* **THE PROBLEM**
In the listing below, find the line that contains "Dal fathada. Ra" and the line that contains "It secures onto". Quote both and every line between them, exactly, and nothing more.

++++++++++++++++++++

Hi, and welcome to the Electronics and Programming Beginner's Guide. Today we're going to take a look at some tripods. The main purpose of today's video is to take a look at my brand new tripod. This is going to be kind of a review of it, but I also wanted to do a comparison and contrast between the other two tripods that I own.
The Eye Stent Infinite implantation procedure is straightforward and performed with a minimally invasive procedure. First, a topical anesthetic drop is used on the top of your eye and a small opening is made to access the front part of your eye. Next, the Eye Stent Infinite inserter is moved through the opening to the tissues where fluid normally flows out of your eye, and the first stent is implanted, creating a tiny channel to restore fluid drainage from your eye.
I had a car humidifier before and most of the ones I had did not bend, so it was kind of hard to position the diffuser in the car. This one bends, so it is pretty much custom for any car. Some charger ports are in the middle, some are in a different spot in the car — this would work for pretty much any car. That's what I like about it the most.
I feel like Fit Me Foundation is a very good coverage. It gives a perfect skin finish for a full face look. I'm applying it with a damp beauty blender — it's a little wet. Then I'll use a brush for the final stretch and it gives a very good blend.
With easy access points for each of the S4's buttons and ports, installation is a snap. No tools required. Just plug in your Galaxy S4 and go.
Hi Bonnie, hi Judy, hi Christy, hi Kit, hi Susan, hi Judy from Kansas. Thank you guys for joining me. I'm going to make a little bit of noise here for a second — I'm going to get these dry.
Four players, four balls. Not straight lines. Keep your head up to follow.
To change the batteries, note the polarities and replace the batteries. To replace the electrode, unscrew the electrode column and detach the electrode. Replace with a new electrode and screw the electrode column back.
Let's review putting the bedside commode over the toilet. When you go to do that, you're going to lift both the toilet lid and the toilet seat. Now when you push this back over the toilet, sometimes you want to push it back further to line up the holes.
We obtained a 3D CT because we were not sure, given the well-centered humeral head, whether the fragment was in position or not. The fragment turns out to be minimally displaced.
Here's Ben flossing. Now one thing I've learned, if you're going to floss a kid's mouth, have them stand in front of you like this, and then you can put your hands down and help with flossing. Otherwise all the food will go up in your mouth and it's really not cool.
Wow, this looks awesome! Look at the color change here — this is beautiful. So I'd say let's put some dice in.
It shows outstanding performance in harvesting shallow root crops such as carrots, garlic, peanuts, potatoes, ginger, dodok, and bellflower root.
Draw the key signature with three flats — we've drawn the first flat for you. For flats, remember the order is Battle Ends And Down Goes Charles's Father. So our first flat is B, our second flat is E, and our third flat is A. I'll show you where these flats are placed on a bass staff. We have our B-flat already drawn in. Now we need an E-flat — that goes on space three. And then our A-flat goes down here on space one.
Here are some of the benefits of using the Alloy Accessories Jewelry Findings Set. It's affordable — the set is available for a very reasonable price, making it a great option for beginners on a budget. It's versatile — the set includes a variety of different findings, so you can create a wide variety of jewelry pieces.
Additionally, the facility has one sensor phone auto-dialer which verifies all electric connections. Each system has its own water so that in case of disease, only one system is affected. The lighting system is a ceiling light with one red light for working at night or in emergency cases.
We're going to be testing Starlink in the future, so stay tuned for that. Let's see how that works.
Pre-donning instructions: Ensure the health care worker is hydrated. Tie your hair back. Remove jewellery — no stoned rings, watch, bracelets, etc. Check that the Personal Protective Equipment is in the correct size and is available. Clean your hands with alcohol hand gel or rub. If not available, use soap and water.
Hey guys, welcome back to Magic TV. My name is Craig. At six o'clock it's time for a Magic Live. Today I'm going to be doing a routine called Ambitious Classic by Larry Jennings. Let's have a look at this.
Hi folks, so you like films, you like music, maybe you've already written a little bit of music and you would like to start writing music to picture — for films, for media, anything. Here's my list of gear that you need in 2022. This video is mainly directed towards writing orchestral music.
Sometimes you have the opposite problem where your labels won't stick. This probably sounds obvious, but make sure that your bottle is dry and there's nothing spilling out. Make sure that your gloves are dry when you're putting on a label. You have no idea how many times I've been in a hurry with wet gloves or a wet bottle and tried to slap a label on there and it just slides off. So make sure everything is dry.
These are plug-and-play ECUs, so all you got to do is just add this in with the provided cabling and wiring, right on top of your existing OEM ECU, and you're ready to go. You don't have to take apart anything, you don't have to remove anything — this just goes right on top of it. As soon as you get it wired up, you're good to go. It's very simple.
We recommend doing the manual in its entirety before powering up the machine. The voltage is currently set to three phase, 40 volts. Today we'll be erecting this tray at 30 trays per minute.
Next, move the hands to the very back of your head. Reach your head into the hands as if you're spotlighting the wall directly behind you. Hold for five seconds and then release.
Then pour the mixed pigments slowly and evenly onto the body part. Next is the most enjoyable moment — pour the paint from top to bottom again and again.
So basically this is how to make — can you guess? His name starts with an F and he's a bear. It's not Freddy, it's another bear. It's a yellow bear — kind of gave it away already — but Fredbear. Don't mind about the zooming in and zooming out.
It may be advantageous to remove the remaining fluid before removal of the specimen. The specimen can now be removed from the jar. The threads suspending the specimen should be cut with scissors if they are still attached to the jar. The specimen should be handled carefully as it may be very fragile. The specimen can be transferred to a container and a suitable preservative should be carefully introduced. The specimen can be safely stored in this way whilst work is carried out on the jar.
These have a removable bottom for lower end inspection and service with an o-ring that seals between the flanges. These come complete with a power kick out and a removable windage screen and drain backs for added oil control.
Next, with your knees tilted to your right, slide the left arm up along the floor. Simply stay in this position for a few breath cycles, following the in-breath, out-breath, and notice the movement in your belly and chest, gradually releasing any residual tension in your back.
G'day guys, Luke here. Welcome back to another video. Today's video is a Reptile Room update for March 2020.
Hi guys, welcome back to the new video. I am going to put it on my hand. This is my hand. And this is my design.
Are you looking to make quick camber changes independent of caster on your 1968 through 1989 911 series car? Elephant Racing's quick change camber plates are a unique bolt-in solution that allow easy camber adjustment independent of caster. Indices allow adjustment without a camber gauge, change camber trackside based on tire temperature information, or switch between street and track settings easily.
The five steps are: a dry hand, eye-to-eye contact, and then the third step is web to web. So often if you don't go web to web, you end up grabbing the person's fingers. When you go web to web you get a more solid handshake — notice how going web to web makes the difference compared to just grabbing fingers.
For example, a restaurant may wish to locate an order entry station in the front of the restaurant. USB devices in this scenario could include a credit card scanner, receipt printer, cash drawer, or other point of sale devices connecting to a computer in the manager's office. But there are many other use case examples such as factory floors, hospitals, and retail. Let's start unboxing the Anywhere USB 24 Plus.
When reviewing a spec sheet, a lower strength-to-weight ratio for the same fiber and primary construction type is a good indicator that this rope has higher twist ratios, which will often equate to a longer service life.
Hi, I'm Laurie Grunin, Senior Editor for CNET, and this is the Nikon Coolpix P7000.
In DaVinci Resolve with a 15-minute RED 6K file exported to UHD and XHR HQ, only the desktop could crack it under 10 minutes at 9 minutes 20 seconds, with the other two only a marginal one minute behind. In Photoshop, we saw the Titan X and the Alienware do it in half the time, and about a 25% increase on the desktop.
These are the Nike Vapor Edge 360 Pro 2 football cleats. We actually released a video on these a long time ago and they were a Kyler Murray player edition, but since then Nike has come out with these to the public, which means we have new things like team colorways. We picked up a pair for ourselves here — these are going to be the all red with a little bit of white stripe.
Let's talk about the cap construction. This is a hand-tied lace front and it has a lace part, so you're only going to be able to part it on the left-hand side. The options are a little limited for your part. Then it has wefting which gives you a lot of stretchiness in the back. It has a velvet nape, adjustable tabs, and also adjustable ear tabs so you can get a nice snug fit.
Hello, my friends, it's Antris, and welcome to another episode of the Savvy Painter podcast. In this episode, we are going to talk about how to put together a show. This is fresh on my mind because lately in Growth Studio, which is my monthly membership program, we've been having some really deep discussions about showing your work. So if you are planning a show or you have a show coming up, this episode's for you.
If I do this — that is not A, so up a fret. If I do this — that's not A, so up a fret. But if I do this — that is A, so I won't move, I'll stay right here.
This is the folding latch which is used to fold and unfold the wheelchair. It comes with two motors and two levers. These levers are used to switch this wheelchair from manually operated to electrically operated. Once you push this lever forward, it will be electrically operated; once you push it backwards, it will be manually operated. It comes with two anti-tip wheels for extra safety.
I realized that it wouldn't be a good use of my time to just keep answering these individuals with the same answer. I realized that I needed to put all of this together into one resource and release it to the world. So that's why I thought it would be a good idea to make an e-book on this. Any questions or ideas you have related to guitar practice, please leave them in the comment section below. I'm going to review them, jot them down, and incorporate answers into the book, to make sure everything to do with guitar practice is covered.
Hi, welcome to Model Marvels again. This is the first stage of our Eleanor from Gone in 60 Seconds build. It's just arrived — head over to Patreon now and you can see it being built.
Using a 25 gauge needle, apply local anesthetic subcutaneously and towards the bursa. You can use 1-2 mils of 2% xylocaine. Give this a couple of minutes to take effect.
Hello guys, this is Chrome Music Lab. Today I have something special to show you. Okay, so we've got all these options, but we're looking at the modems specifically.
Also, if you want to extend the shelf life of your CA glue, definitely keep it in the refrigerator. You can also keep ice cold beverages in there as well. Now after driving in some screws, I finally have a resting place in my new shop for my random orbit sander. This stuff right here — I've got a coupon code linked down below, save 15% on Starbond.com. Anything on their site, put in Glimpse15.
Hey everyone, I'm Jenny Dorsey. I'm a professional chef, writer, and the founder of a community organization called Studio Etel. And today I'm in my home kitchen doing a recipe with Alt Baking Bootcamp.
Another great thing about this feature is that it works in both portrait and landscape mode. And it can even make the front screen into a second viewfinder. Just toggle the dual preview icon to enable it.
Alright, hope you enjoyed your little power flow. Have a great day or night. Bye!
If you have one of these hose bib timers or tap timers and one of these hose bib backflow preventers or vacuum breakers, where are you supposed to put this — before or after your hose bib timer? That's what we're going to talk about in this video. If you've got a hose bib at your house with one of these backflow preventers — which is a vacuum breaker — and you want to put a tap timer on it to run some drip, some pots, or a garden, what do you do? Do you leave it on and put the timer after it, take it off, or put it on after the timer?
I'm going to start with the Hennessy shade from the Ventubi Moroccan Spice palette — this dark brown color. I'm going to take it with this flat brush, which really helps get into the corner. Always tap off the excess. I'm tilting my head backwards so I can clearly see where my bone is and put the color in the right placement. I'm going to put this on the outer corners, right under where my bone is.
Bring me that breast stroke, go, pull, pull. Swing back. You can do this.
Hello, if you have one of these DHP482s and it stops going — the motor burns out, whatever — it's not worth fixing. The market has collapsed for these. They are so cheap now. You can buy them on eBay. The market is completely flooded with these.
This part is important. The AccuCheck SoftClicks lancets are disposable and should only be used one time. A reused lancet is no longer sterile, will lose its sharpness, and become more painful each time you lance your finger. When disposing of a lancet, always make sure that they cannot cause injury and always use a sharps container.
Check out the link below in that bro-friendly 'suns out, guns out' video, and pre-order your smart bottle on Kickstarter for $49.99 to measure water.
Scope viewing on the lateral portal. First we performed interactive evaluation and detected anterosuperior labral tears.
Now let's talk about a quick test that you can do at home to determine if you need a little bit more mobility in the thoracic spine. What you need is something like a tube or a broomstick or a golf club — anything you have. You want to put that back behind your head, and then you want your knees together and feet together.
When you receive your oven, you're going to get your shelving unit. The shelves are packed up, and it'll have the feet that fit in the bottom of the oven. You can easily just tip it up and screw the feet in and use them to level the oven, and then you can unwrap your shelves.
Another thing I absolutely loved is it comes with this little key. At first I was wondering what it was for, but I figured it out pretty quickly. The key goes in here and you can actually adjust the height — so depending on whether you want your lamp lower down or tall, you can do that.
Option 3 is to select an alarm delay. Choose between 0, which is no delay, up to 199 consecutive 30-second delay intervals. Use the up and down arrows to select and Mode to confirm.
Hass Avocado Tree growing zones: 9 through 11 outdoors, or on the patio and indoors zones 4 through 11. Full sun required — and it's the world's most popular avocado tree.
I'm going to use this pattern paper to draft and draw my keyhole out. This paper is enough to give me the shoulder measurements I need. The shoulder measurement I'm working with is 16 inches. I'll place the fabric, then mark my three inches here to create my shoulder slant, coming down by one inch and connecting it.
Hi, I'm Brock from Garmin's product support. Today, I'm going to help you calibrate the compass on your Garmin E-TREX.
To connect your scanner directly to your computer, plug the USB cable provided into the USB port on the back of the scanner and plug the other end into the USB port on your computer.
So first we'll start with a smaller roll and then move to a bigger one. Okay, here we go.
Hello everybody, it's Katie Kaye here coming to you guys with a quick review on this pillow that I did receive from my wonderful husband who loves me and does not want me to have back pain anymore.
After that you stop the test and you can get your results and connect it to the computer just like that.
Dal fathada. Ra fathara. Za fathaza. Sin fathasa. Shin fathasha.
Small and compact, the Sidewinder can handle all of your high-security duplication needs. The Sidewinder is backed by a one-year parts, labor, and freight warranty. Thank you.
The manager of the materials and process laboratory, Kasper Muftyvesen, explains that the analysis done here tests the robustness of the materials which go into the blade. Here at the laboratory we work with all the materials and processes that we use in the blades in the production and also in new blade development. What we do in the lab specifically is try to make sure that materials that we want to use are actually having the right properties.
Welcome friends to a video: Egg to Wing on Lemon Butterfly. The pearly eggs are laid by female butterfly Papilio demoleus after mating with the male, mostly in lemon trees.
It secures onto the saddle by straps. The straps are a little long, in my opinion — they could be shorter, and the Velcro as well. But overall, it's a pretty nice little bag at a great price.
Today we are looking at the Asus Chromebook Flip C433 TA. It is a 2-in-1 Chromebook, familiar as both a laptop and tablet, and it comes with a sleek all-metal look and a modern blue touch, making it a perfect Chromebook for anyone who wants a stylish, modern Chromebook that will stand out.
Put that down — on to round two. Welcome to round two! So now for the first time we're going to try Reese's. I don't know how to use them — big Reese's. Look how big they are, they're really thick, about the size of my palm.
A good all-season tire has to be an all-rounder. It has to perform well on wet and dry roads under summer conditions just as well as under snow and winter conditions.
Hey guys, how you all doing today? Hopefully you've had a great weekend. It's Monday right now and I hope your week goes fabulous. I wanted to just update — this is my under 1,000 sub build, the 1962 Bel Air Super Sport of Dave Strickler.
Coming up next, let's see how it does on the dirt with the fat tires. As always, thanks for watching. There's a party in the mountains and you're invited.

++++++++++++++++++++

* **ANSWER BELOW**
Dal fathada. Ra fathara. Za fathaza. Sin fathasa. Shin fathasha.
Small and compact, the Sidewinder can handle all of your high-security duplication needs. The Sidewinder is backed by a one-year parts, labor, and freight warranty. Thank you.
The manager of the materials and process laboratory, Kasper Muftyvesen, explains that the analysis done here tests the robustness of the materials which go into the blade. Here at the laboratory we work with all the materials and processes that we use in the blades in the production and also in new blade development. What we do in the lab specifically is try to make sure that materials that we want to use are actually having the right properties.
Welcome friends to a video: Egg to Wing on Lemon Butterfly. The pearly eggs are laid by female butterfly Papilio demoleus after mating with the male, mostly in lemon trees.
It secures onto the saddle by straps. The straps are a little long, in my opinion — they could be shorter, and the Velcro as well. But overall, it's a pretty nice little bag at a great price.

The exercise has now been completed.